+++ Supplied entries

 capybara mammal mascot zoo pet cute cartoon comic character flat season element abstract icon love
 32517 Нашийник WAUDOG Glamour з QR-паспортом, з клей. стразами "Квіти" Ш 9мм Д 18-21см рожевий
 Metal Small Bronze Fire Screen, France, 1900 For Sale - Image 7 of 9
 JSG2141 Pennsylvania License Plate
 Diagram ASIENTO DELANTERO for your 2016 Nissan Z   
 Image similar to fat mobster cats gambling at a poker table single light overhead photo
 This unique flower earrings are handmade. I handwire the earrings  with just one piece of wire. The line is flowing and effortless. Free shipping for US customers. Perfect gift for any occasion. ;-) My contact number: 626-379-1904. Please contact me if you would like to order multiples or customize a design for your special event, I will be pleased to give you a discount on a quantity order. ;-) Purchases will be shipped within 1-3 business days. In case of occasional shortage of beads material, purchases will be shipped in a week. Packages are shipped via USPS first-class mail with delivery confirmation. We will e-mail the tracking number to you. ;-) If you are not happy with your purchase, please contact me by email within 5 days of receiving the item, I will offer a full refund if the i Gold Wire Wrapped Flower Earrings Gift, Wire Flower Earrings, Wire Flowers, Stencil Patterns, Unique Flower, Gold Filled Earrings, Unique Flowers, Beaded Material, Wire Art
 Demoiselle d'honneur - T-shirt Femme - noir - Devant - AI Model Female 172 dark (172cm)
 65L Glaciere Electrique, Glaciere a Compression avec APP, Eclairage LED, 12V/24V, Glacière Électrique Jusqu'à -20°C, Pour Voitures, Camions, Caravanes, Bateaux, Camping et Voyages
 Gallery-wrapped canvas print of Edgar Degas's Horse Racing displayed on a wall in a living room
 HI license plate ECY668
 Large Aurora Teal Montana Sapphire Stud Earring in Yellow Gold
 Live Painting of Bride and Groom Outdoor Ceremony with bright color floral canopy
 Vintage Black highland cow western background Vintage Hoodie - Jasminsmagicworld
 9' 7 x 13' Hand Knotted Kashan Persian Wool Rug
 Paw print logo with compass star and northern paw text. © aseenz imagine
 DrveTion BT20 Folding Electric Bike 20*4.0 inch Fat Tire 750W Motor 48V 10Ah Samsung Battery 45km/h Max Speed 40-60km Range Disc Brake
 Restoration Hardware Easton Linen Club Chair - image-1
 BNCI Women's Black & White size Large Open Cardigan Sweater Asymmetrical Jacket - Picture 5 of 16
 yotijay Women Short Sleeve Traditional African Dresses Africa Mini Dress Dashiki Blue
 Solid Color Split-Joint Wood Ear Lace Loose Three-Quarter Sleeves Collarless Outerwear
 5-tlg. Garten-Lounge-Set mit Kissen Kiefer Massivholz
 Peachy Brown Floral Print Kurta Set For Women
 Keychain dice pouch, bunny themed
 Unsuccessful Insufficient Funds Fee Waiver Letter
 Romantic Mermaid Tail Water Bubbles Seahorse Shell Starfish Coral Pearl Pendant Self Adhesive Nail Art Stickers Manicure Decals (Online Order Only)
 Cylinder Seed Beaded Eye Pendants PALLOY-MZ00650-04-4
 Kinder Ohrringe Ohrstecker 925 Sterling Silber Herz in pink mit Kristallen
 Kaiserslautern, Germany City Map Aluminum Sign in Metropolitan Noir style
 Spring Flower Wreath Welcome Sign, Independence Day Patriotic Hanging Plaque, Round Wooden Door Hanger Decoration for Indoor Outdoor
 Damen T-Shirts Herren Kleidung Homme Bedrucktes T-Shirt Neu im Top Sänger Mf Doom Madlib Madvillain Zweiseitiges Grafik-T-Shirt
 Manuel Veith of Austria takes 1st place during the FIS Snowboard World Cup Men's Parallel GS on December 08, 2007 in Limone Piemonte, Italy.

++++++

**Action item**. Here, the lines to copy run from the one containing "Keychain dice pouch, bunny themed" to the final line of the listing; copy them exactly and nothing else.

**Answer**.
 Keychain dice pouch, bunny themed
 Unsuccessful Insufficient Funds Fee Waiver Letter
 Romantic Mermaid Tail Water Bubbles Seahorse Shell Starfish Coral Pearl Pendant Self Adhesive Nail Art Stickers Manicure Decals (Online Order Only)
 Cylinder Seed Beaded Eye Pendants PALLOY-MZ00650-04-4
 Kinder Ohrringe Ohrstecker 925 Sterling Silber Herz in pink mit Kristallen
 Kaiserslautern, Germany City Map Aluminum Sign in Metropolitan Noir style
 Spring Flower Wreath Welcome Sign, Independence Day Patriotic Hanging Plaque, Round Wooden Door Hanger Decoration for Indoor Outdoor
 Damen T-Shirts Herren Kleidung Homme Bedrucktes T-Shirt Neu im Top Sänger Mf Doom Madlib Madvillain Zweiseitiges Grafik-T-Shirt
 Manuel Veith of Austria takes 1st place during the FIS Snowboard World Cup Men's Parallel GS on December 08, 2007 in Limone Piemonte, Italy.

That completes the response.